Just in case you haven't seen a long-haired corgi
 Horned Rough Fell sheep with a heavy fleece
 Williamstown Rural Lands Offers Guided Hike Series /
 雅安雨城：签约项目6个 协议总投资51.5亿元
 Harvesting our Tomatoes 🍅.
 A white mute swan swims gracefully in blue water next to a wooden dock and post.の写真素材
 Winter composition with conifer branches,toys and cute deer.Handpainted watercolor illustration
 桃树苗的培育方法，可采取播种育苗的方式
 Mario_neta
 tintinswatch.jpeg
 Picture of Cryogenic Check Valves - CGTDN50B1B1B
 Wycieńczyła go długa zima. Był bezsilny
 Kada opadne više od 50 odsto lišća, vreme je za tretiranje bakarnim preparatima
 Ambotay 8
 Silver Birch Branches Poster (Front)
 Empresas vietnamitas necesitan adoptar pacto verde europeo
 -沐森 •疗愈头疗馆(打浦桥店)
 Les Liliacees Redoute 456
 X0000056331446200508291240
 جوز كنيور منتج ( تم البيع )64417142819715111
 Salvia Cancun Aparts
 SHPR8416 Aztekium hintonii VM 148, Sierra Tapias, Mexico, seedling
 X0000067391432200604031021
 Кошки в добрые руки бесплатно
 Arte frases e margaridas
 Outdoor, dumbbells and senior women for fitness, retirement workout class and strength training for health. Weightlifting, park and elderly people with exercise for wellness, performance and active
+++
# Exercise brief:
Write the lines out again exactly, from the one containing "Wycieńczyła go długa zima. Był bezsilny" through the last line of the records, and include no other lines.

# Task result:
 Wycieńczyła go długa zima. Był bezsilny
 Kada opadne više od 50 odsto lišća, vreme je za tretiranje bakarnim preparatima
 Ambotay 8
 Silver Birch Branches Poster (Front)
 Empresas vietnamitas necesitan adoptar pacto verde europeo
 -沐森 •疗愈头疗馆(打浦桥店)
 Les Liliacees Redoute 456
 X0000056331446200508291240
 جوز كنيور منتج ( تم البيع )64417142819715111
 Salvia Cancun Aparts
 SHPR8416 Aztekium hintonii VM 148, Sierra Tapias, Mexico, seedling
 X0000067391432200604031021
 Кошки в добрые руки бесплатно
 Arte frases e margaridas
 Outdoor, dumbbells and senior women for fitness, retirement workout class and strength training for health. Weightlifting, park and elderly people with exercise for wellness, performance and active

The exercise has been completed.